■ **WHAT IS BEING ASKED**
Restate word for word the entries below, starting with the line with "Canary Island Date" and continuing through the line with "Handy Dandy History Book on TikTok". Include both of those lines and no others.

■ **MATERIAL SHOWN**
-=-=-
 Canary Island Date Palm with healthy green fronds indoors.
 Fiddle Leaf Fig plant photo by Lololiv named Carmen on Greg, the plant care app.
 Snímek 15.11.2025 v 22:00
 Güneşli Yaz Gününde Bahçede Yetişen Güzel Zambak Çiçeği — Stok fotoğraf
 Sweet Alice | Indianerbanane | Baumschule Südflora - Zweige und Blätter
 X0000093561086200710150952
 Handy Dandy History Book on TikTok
-=-=-
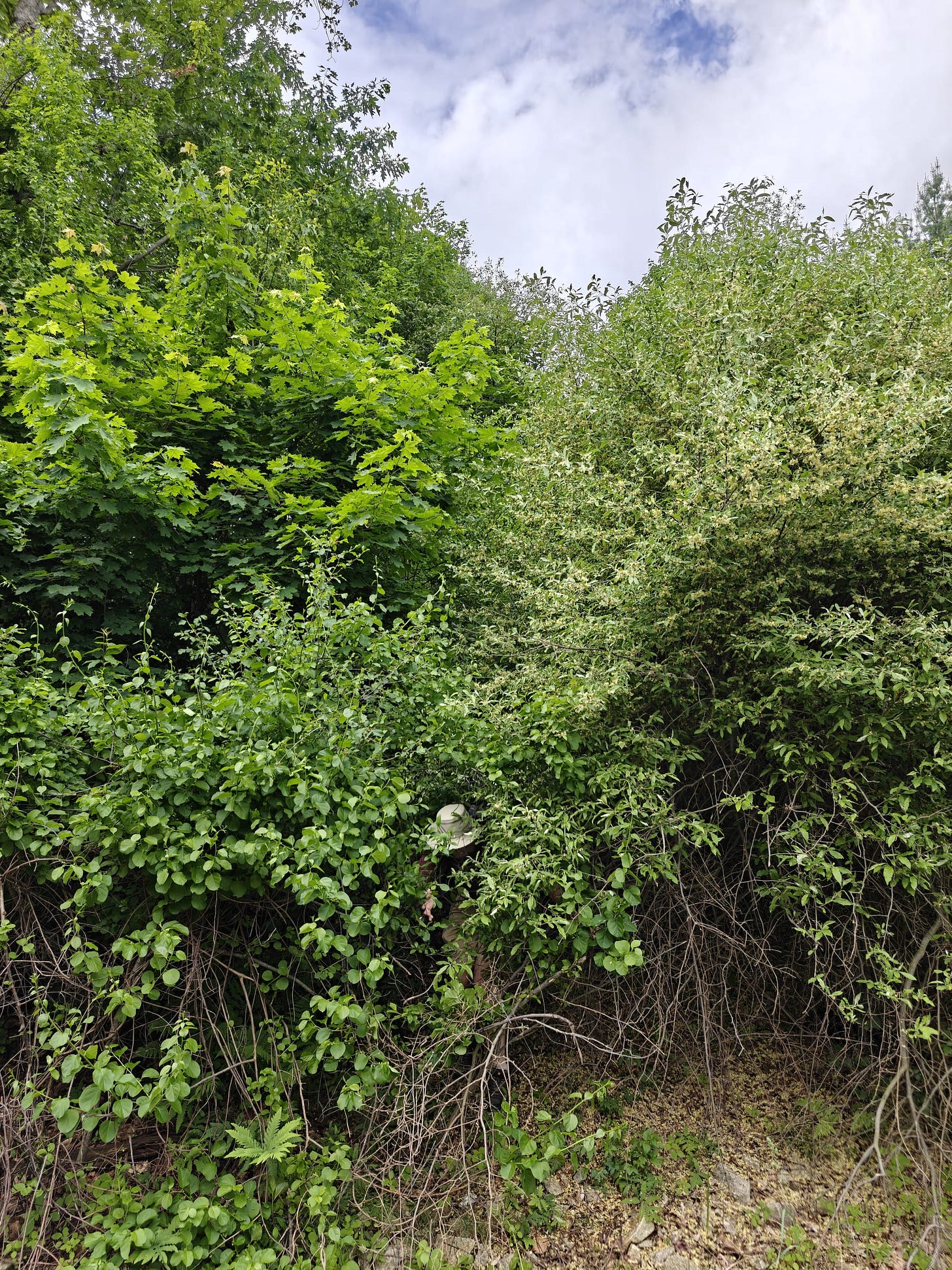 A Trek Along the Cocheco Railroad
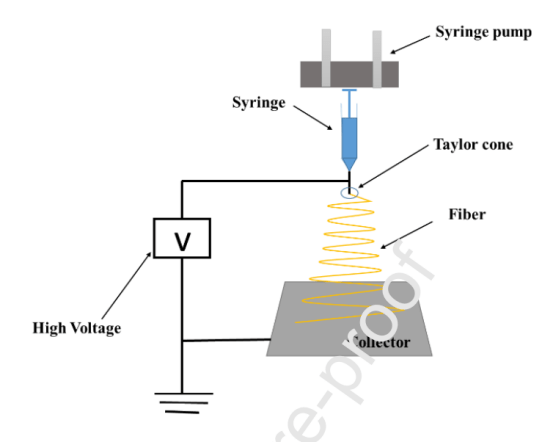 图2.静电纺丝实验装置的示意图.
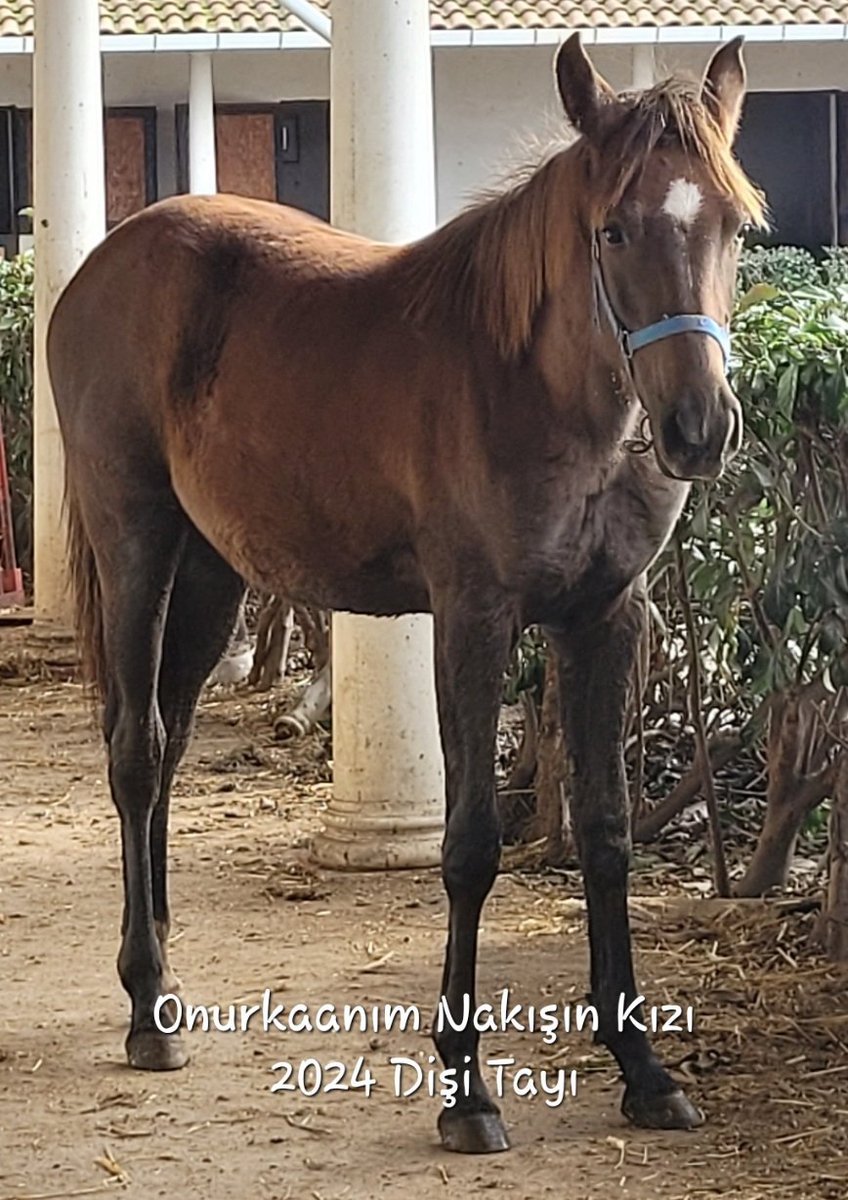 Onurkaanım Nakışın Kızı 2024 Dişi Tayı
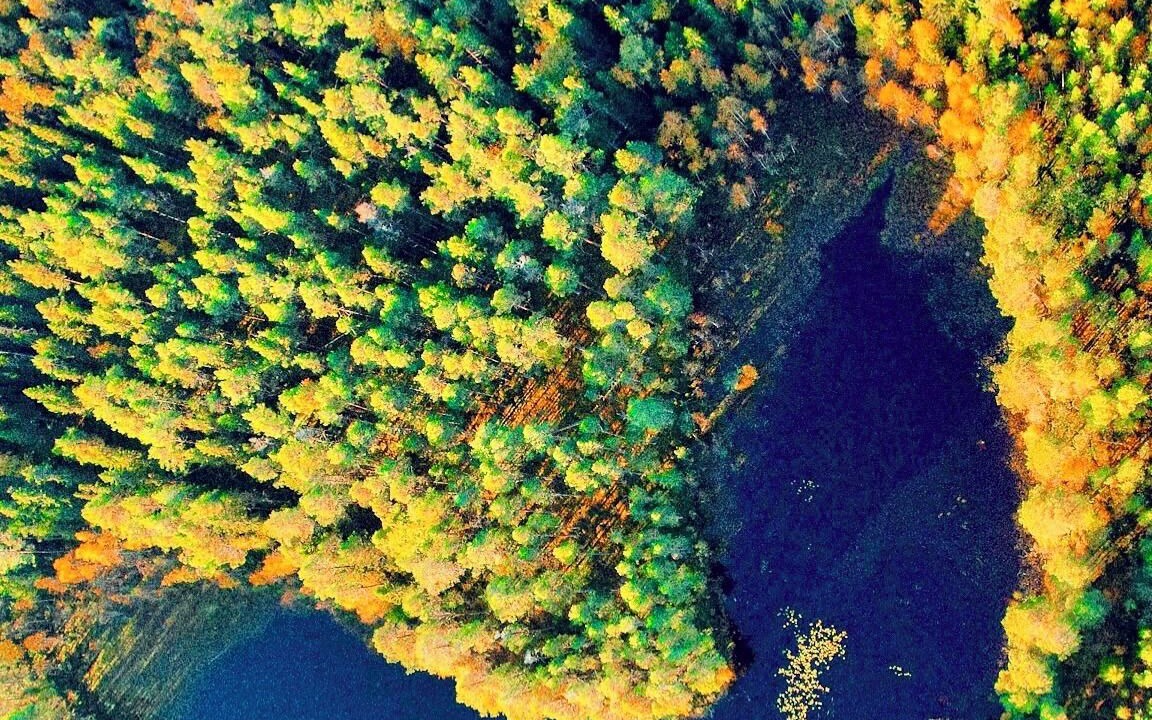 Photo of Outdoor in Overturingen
-=-=-
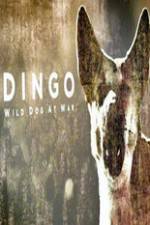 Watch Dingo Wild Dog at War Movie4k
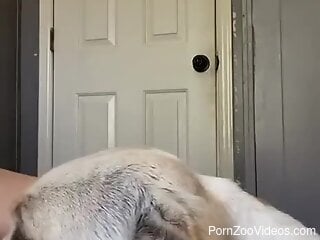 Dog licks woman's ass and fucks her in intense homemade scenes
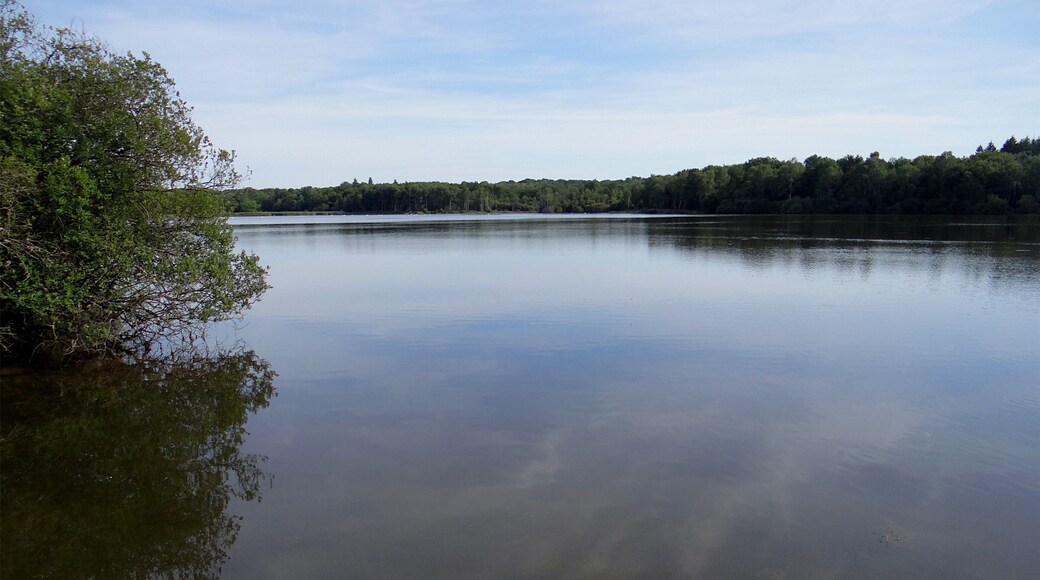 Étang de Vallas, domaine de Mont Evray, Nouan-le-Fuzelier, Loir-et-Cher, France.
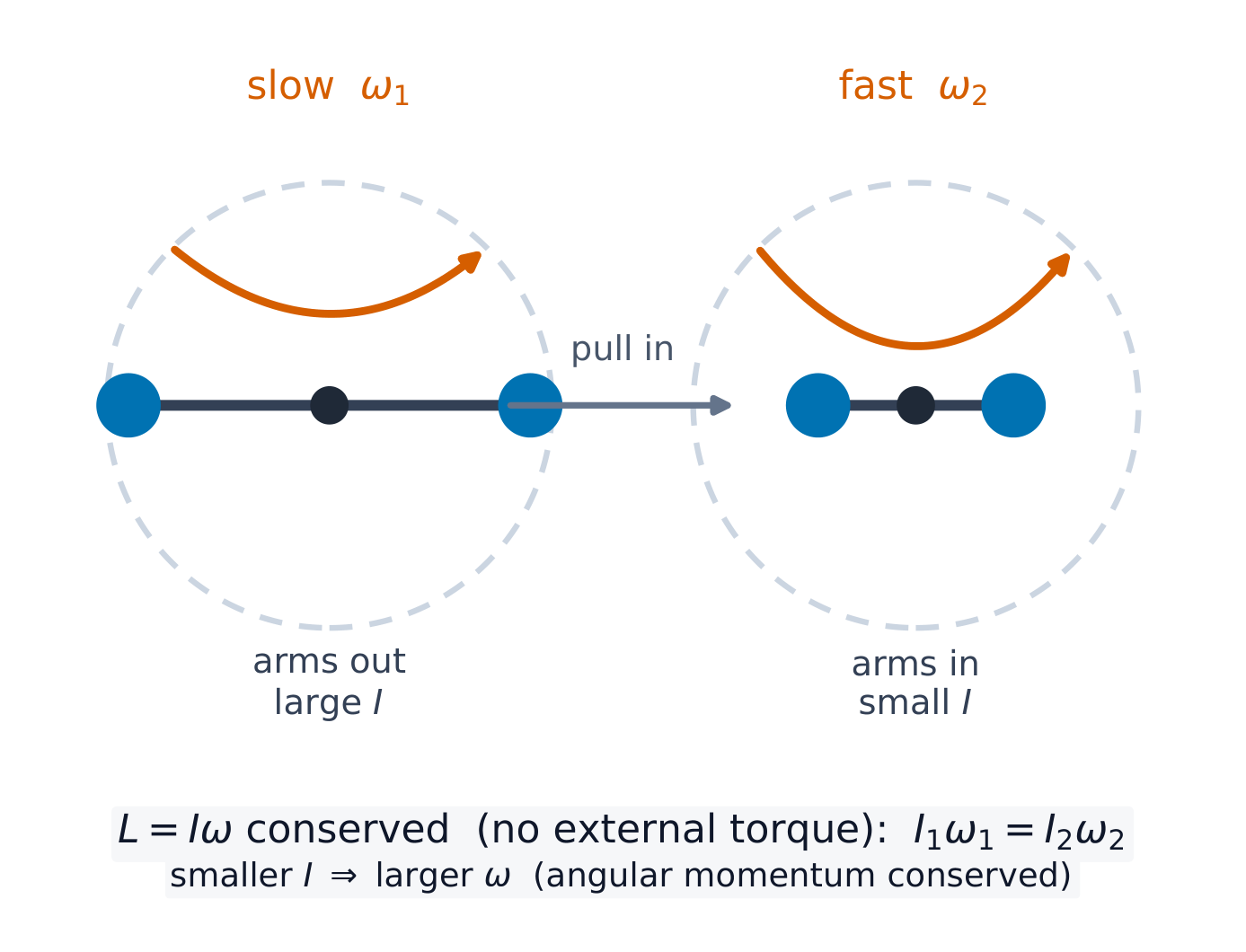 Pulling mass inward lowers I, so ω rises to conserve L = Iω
-=-=-
■ **THE COMPLETED TASK**
 Canary Island Date Palm with healthy green fronds indoors.
 Fiddle Leaf Fig plant photo by Lololiv named Carmen on Greg, the plant care app.
 Snímek 15.11.2025 v 22:00
 Güneşli Yaz Gününde Bahçede Yetişen Güzel Zambak Çiçeği — Stok fotoğraf
 Sweet Alice | Indianerbanane | Baumschule Südflora - Zweige und Blätter
 X0000093561086200710150952
 Handy Dandy History Book on TikTok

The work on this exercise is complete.